Honda Accord i-CTDi : reçue avec “mention”

Avec le nouveau i-CTDi, Honda réintègre non seulement le mot Diesel dans son vocabulaire, mais lui donne toute la noblesse que peuvent avoir ses six lettres. En effet, après de multiples tentatives effectuées en collaboration avec d’autres constructeurs (Rover et Isuzu notamment), le constructeur nippon, dont la réputation de grand motoriste n’est plus à prouver, s’est résigné à développer un moteur à gazole par ses propres ingénieurs. Et, coup d’essai, coup de maître ! Car, avec ce 2.2 litres, baptisé i-CTDi (pour «intelligent-Common rail Turbo Diesel injection»), c’est toute la sophistication possible en la matière qui a été intégrée dans le bloc qui loge sous le capot de l’Accord. Objectif : réaliser l’accord parfait entre un moteur à gazole et une familiale qui jusqu’ici a toujours brillé par ses qualités dynamiques, dont un remarquable silence de fonctionnement. Mais avant de prendre son volant pour s’en convaincre, revenons un peu sur sa silhouette statutaire.

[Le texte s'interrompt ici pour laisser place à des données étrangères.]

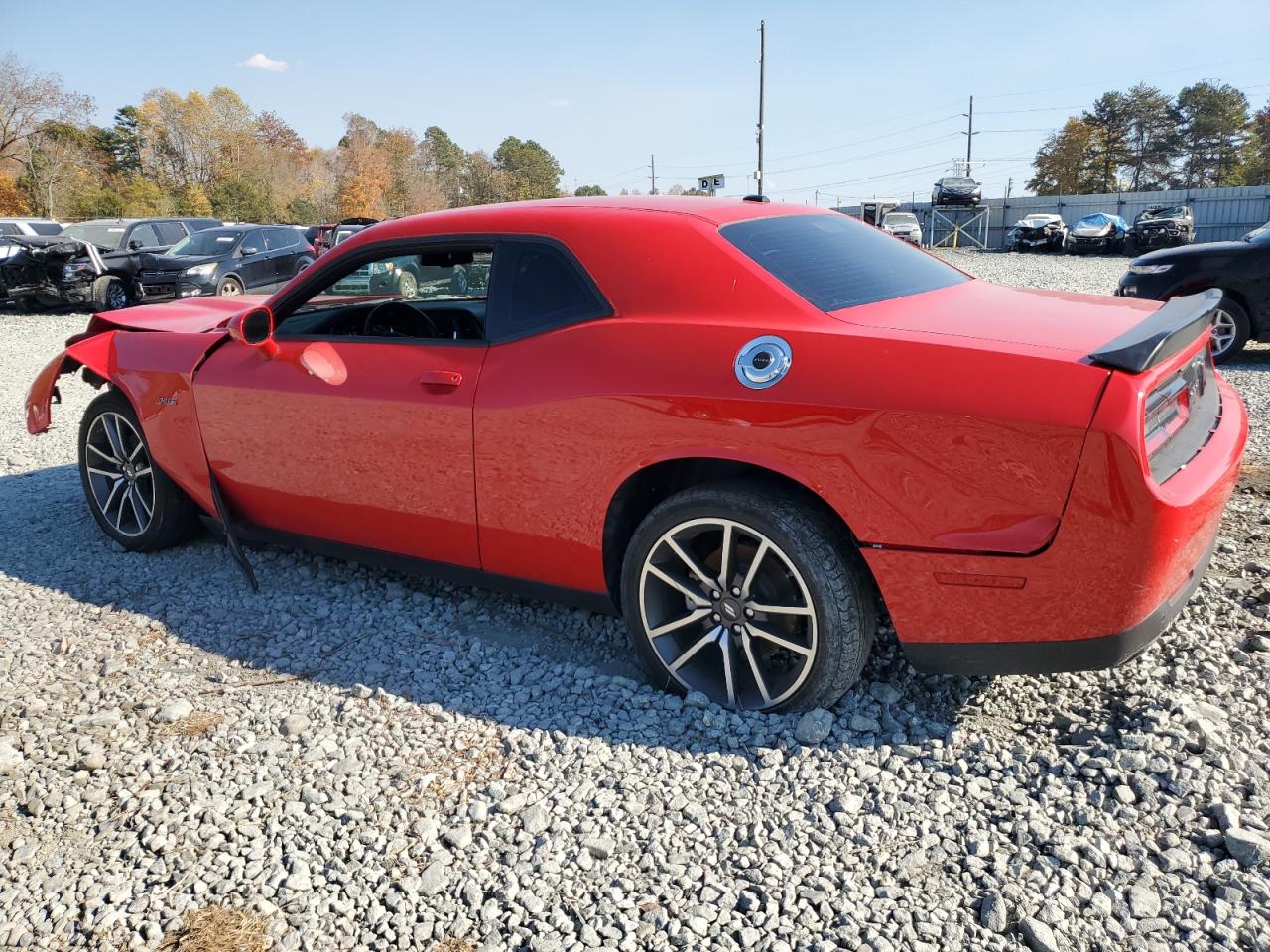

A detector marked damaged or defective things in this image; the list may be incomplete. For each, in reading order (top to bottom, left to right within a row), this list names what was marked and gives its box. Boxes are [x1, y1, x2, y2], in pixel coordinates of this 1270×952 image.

crumpled hood [79, 297, 270, 337]
crumpled hood [832, 282, 1163, 363]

L’Accord n’est pas une berline pour plaisantins ou petits frimeurs. Ce pourrait être à cela que renvoie sa carrosserie aux lignes tendues et au regard si agressif. Idem pour le profil dont la ceinture de caisse haute et les surfaces épurées dégagent à la fois une impression de solidité et un soupçon de sobriété. La malle imposante reçoit des feux rectilignes et, dans cette version, l’épigraphe distinctive : i-CTDi. Quant aux jantes en alliage léger de 16 pouces, il reste intéressant de rappeler qu’elles équipent toutes les finitions de l’Accord. Car, pour ce produit comme pour la citadine Jazz, l’importateur marocain de Honda joue résolument la carte de l’équipement riche. Une donne encore plus perceptible à bord. On y retrouve l’ambiance qui a, jusqu’ici, considérablement contribué à faire la réputation de l’Accord. On apprécie le dessin de la planche de bord et les garnitures sont du plus bel effet, à l’image des placages façon carbone qui habillent la console centrale. Et même si notre version d’essai n’est qu’une finition Sport, c’est-à-dire la moins luxueuse des deux livrées disponibles, elle reste pourtant loin d’être dépouillée : clim automatique à régulation électronique séparée (gauche/droite), lecteur CD frontal avec commandes satellites au volant, régulateur de vitesse, miroirs de courtoisie éclairés (dans les pare-soleil), essuie-glace avant à enclenchement automatique et capteur de pluie… le tout, sans omettre la sécurité. Dans ce dernier registre, on retiendra la présence de huit airbags (frontaux, latéraux et rideaux) et des aides à la conduite, qui veillent à la sécurité active : ABS, ETCS (antipatinage des roues), VSA (contrôle de trajectoire)… Que de systèmes gérés par l’électronique et permettant au conducteur de garder une meilleure maîtrise du véhicule dans les situations les plus critiques. Vient enfin le moment de tourner la clé de contact…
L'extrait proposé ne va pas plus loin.